--- Work instruction ---
Print a faithful copy of the data below, word for word, with the pictures left out.

#### Data section

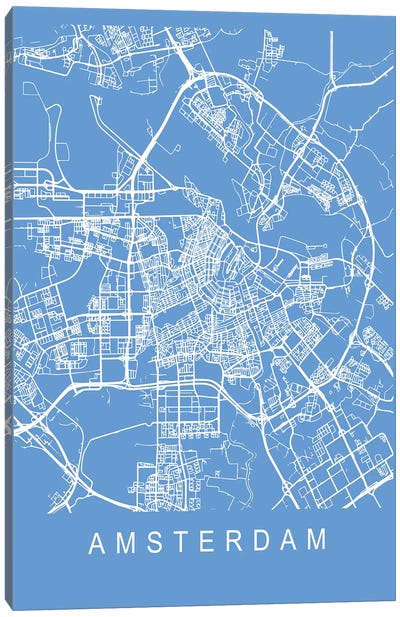 Amsterdam Map Blueprint Canvas Art Print - Amsterdam Maps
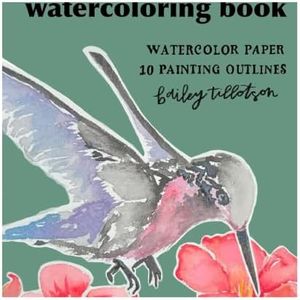Kreative Haven "A Little Bit of Summer" Mini Watercoloring Book - Portable Adult Coloring Book for Watercolor Painting On the Go - 10 Easy Outlines on Premium Paper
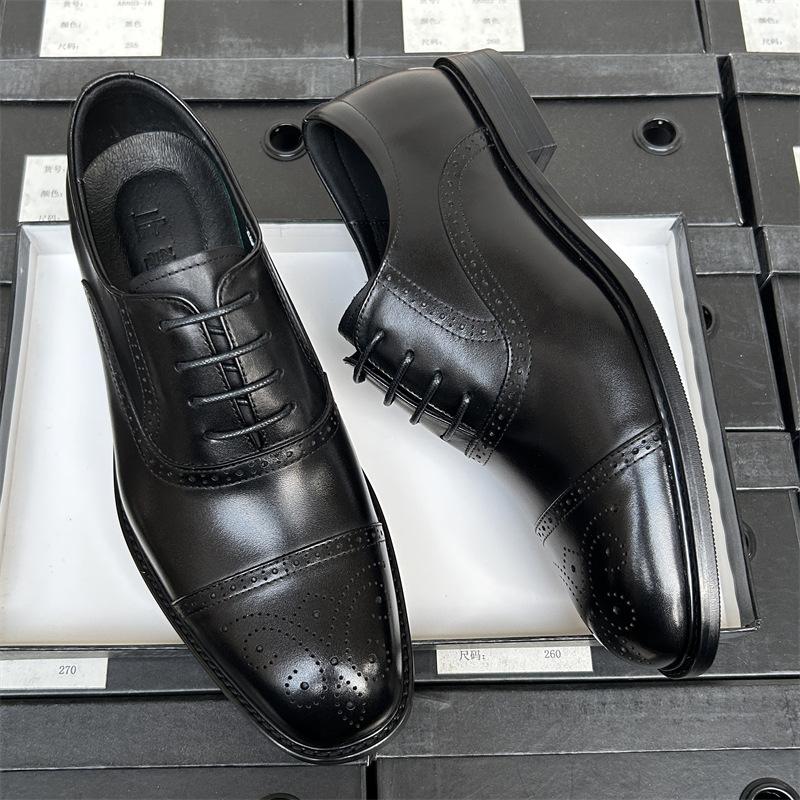 Three Joint Brock Leather Shoes Men'S Business Dress Leather Breathable Suit Groom Wedding Shoes Men'S Leather Shoes Wooden Heel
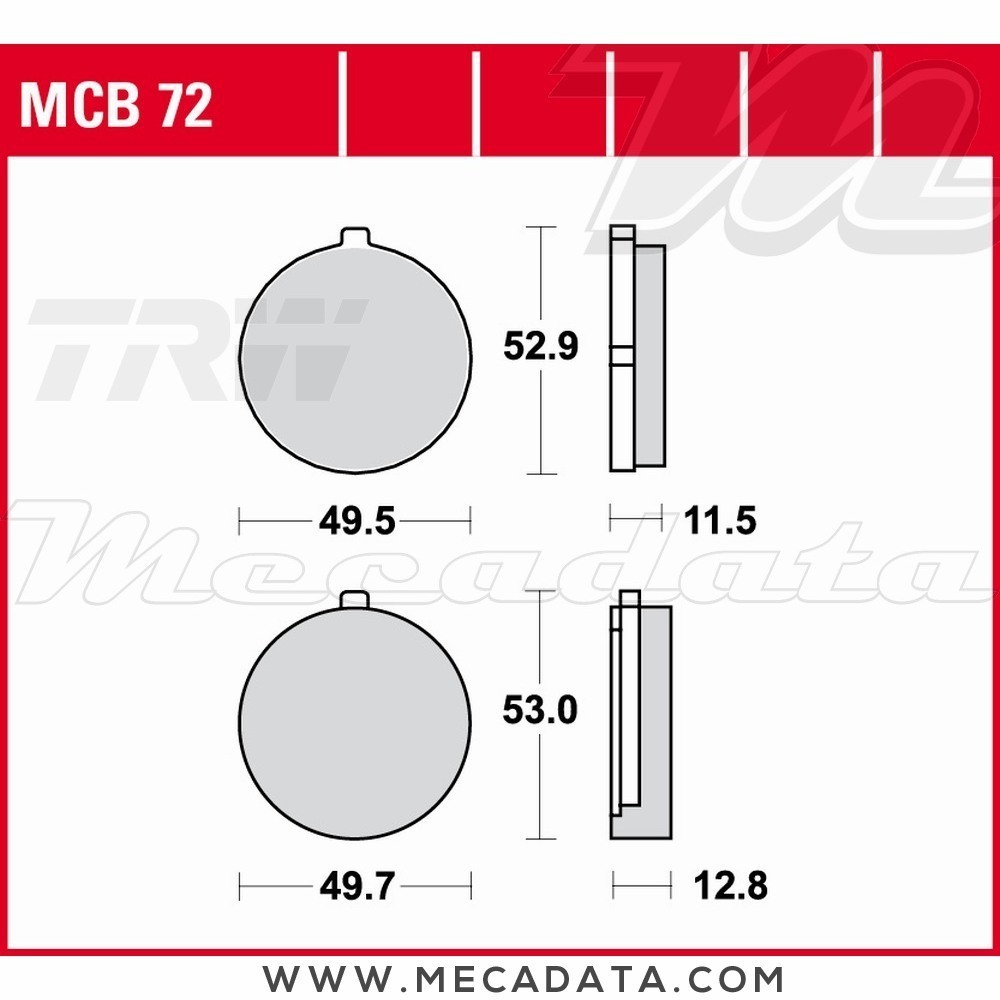 Plaquettes de frein Avant ~ Suzuki GT 200 N, E GT200 1979-1981 ~ TRW Lucas MCB 72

########

--- Exercise response ---
 Amsterdam Map Blueprint Canvas Art Print - Amsterdam Maps
Kreative Haven "A Little Bit of Summer" Mini Watercoloring Book - Portable Adult Coloring Book for Watercolor Painting On the Go - 10 Easy Outlines on Premium Paper
 Three Joint Brock Leather Shoes Men'S Business Dress Leather Breathable Suit Groom Wedding Shoes Men'S Leather Shoes Wooden Heel
 Plaquettes de frein Avant ~ Suzuki GT 200 N, E GT200 1979-1981 ~ TRW Lucas MCB 72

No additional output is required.